IE8 Beta2、完全標準ではないがクロスドメインに対応

    後藤大地  [2008/10/09]

    Windows Internet Explorer 8

    Microsoft, Program Manager, Sunava Dutta氏がIEBlogにおいてUpdates for AJAX in IE8 Beta 2のタイトルのもと、現在公開されているIE8 Beta 2で取り組まれたAjax関連の変更点を紹介している。純減が続いているとはいえIEはIE7とIE6の合計シェアが7割を越え依然として主要なブラウザであり続けている。Webデベロッパとしては、IE8は次の主要ブラウザになるとみて現在から対応をしておく必要がある。
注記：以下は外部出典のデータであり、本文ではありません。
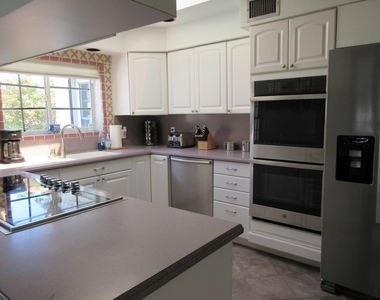 609 Isle Of Palms Drive - Photo Thumbnail 2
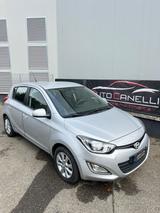 Hyundai i20 1.1 CRDi 12V 5 porte Style NEOPAT OC - Hyundai i20 Style mit Diesel-Antrieb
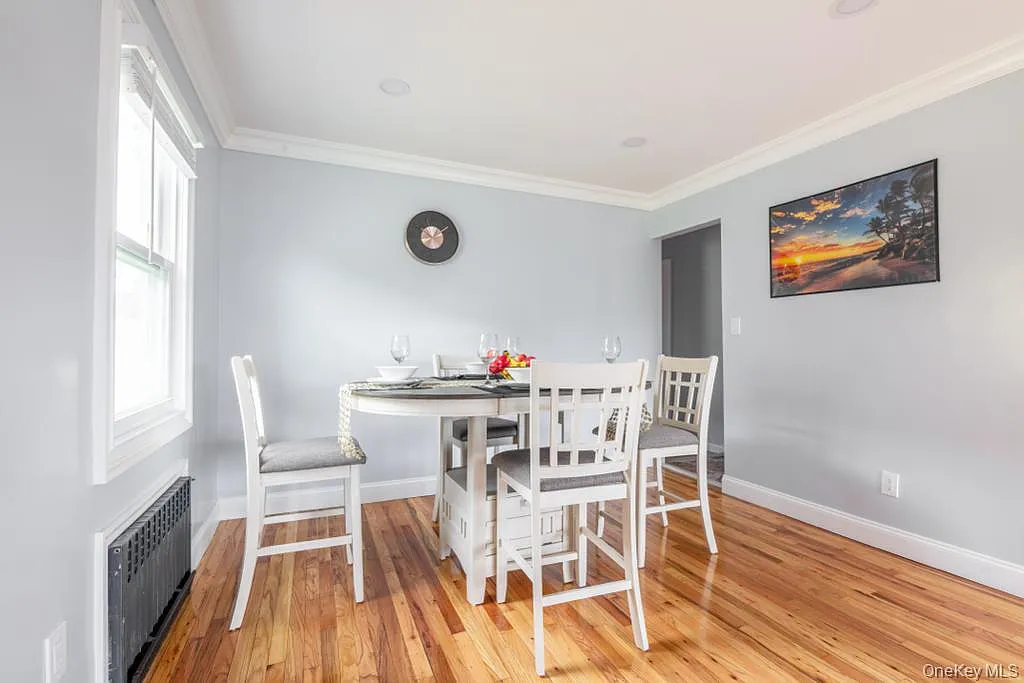 3 bed, 1.5 bath, 1200 sqft, $3,600 — Photo 2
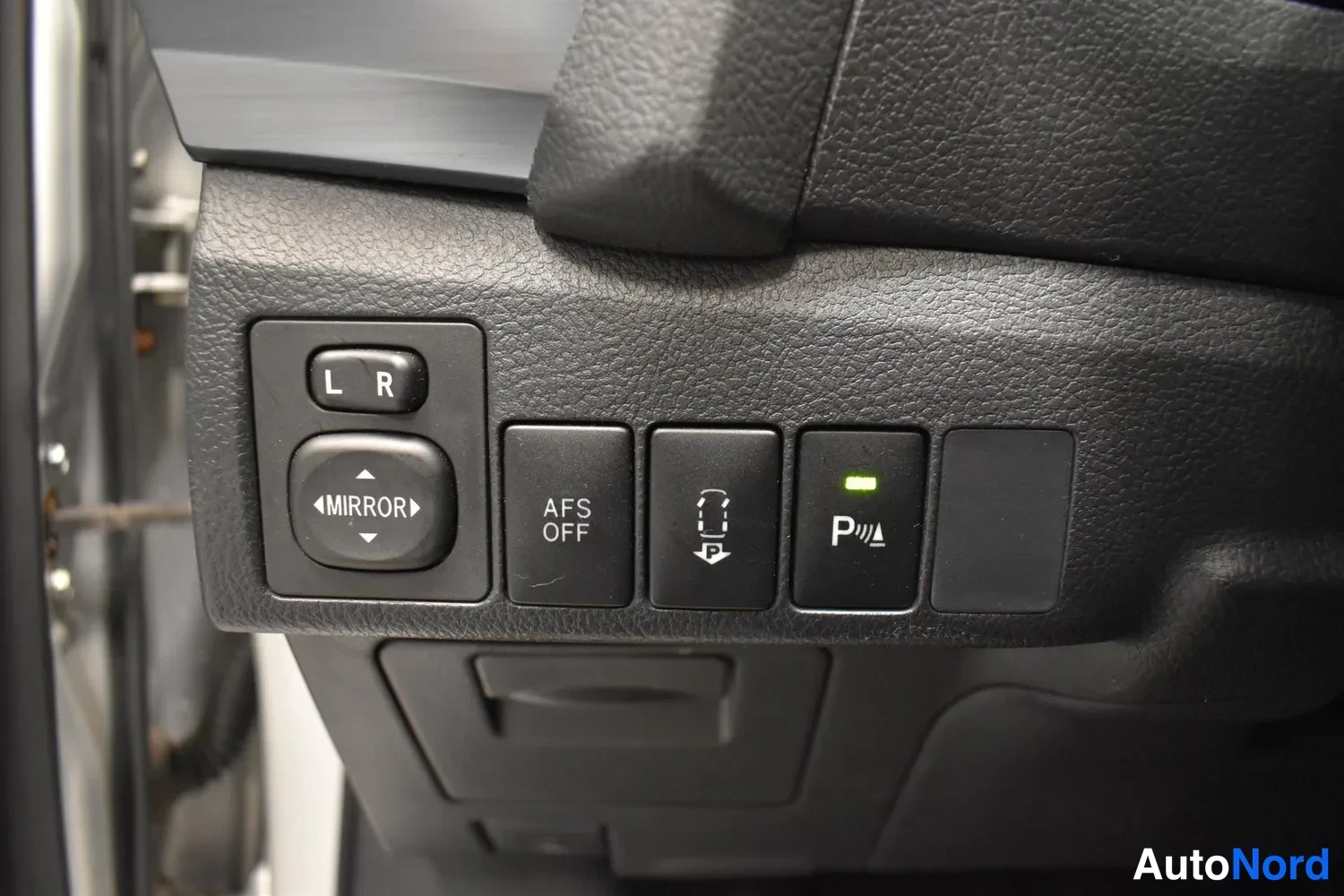 Hopea Toyota Auris 2013, ulkokuva 12 – Raisio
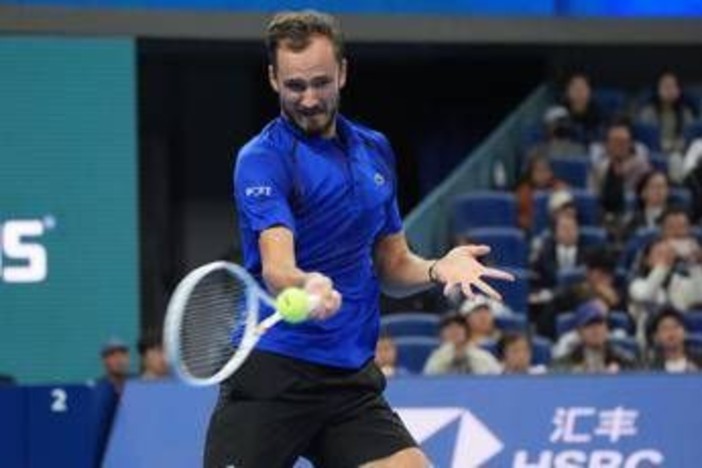 Vienna, Medvedev perde il punto e tira pugni al campo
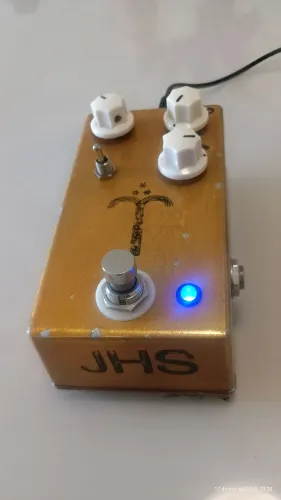 Pedal JHS Morning Glory V3 Assinado (ano 2011)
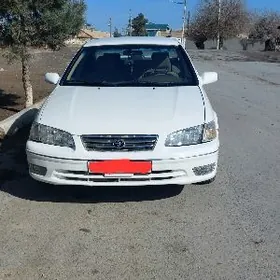 Toyota Camry 1999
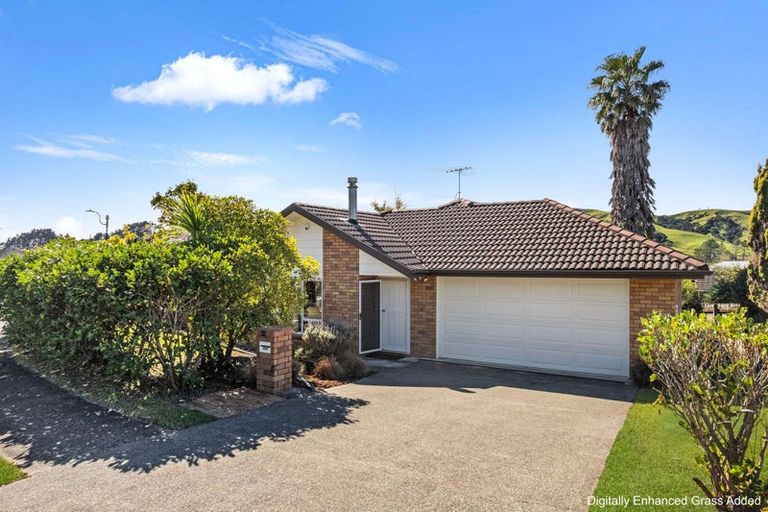 Photo of property in 15 Cabeleigh Drive, Helensville, 0800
    今後のWebアプリケーションはこれまでよりもマッシュアップやほかのWebサービスとの連携が進むことになるだろう。こうなってくると複数のサイトに対してアクセス要求を出す必要がある。いわゆるクロスドメイン通信の実現だ。将来的な展望としてはXMLHttpRequestの次期バージョンとして策定が進められているXMLHttpRequest Level 2がクロスドメイン通信の手段として標準になるのではないかとみられる。

    現状でもすでにクロスサイト通信を実現するためのテクニックやサービス、またはそれらを実装したAjax JavaScriptライブラリは存在する。しかしながらWebブラウザが機能を実装することになればそれがデフォルトとして使われる可能性が高い。仕様や仕組みはすでに明らかになっているため先行して実験的な開発に取り組みたいところだが、XMLHttpRequest Level 2は仕様が定まっていないことから自力でWebブラウザをビルドしている場合を除いては簡単に試せる環境がない。

    そこでIE8 Beta 2だ。Sunava Dutta氏も説明しているが、IE8 Beta 2ではXMLHttpRequest Level 2ではなく独自実装ではあるもののXDomainRequestが改善されAccess-Control指定が使えるようになった。このためXMLHttpRequest Level 2とまったく同じではないがIE8 Beta 2のXDomainRequestを使ってXMLHttpRequest Level 2のような処理を試験的に開発できる。

    Safari 4やFirefox 3.1、次期Operaなどで順次XMLHttpRequest Level 2の機能が提供されることになるとみられるが、今のところでIE8 Beta 2のXDomainRequestを使って試しておくのが簡単のようだ。そのほかIE8 Beta 2におけるAjax関連の変更がUpdates for AJAX in IE8 Beta 2にまとまっているので興味があるWebデベロッパはチェックしてみるといいだろう。